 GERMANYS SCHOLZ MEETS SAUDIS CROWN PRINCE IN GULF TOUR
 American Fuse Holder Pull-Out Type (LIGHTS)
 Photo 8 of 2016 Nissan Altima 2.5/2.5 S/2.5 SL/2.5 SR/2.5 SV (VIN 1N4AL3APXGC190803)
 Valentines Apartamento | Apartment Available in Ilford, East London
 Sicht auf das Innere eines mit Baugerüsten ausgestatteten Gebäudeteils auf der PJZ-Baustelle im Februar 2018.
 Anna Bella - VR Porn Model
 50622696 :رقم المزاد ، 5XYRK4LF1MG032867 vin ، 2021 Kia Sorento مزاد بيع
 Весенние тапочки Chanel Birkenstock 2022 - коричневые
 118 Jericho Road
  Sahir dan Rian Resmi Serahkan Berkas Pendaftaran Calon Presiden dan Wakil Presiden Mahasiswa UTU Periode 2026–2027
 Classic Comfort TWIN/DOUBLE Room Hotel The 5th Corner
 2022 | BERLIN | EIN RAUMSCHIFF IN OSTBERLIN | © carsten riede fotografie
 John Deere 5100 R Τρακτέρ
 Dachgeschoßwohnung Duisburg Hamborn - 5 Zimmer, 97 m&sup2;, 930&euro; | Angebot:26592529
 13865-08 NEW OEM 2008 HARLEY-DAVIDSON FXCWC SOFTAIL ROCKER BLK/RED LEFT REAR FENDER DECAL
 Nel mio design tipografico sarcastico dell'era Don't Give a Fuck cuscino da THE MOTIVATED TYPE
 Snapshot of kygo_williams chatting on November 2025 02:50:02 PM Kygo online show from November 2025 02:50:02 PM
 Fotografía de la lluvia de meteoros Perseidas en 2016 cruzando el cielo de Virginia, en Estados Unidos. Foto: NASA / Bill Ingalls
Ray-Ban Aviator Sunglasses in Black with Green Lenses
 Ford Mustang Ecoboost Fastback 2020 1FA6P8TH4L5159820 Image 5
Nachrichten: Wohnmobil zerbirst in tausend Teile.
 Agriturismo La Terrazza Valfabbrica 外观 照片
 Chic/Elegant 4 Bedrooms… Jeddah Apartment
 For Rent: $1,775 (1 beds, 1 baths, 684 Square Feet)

=====

• YOUR TASK:
Return exactly the lines in the records above, beginning with the one that holds "Chic/Elegant 4 Bedrooms… Jeddah Apartment" and ending with the last.

• RESPONSE:
 Chic/Elegant 4 Bedrooms… Jeddah Apartment
 For Rent: $1,775 (1 beds, 1 baths, 684 Square Feet)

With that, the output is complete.